4
votes

I Had SF cluster made of 3 Standard A0 nodes. I scaled cluster in to 1 node and understood that this was bad idea because nothing was working in this state (even SF explorer was not working) Then I scaled it out back to 3 nodes and restarted Primary scaleser. Now all nodes in scaleset are up and running but SF cluster status is "Upgrade service unreachable". I saw similar question Service Fabric Status: Upgrade service unreachable where was recommended to scale nodes up to D2 but this hasn't solve my problem. I have connected to one node via RDP and are some Event logs:

EventLog -> Applications and Service Logs -> Microsoft Service Fabric -> Operational:

Node name: _SSService_0 has failed to open with upgrade domain: 0, fault domain: fd:/0, address: 10.0.0.4, hostname: SSService000000, isSeedNode: true, versionInstance: 5.6.210.9494:3, id: d9e8bae2d4d8116bfefb989b95e91f7b, dca instance: 131405546580494698, error: FABRIC_E_TIMEOUT

EventLog -> Applications and Service Logs -> Microsoft Service Fabric -> Admin:

client-10.0.0.4:19000/10.0.0.4:19000: error = 2147943625, failureCount=487. Filter by (type~Transport.St && ~"(?i)10.0.0.4:19000") to get listener lifecycle.
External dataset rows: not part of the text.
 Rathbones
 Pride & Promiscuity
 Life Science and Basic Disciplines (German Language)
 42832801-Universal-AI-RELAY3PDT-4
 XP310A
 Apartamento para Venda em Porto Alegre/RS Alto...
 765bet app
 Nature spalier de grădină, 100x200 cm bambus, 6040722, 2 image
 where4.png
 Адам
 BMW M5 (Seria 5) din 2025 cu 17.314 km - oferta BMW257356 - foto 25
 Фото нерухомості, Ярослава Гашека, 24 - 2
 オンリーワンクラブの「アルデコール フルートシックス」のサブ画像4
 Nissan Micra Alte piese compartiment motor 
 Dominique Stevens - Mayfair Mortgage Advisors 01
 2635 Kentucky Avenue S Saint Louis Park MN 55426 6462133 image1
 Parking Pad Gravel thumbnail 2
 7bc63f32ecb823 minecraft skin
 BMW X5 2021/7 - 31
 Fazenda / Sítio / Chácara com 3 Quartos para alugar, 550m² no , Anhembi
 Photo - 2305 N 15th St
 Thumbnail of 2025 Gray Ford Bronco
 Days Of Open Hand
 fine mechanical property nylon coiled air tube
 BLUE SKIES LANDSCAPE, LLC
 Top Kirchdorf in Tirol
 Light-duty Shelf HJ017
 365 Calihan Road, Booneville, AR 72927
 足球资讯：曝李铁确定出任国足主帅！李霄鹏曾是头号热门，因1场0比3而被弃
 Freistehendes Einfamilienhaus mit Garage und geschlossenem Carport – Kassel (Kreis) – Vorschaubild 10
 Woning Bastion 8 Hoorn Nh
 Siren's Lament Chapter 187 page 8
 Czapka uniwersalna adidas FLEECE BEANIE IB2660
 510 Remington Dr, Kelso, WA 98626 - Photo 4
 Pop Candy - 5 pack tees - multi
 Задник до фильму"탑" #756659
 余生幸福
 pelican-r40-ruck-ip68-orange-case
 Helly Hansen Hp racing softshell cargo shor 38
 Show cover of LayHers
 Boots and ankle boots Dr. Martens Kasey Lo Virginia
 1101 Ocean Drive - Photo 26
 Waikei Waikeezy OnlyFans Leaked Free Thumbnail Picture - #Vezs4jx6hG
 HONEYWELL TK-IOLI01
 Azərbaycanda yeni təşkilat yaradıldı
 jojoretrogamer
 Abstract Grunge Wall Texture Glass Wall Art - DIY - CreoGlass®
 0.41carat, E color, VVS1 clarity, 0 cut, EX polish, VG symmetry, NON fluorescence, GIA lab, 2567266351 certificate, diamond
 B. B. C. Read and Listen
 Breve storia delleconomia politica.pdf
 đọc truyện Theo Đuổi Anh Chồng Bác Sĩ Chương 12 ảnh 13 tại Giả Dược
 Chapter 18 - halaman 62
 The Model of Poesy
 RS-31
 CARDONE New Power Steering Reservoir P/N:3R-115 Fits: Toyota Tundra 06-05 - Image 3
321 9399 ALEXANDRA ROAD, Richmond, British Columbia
Connect failure is expected if listener was never started, or listener/its process was stopped before/during connecting.

2
From what I recall, only (without plenty of faffing around) solution is to destroy and recreate the cluster!Mardoxx
Running into the same error after scaling up. Recreating the cluster isn't enough, cause then the existing VMSS complains about a different cluster unique identifier mismatch. Gladly it is just a test environment cluster in azure.rfcdejong

2 Answers

1
votes

If you are scaling down the cluster by resizing VM scale set to 1 you're basically destroying the cluster because it requires a minimum of 3 nodes by design. Therefore the only way is to recreate it again from scratch.

If you need a tiny cluster consisting of just 1 node (like for testing purposes) there is a way in Azure now to create a single node cluster, but you won't be able to scale it as it's a special case not for production use.

1
votes

Upgrade service unreachable this happens if the number of active VM or node of the cluster become 0 anyhow. In my case, his happened by restarting all the VM at a time. In this state, the nodes are available and running but they have been disconnected from the cluster.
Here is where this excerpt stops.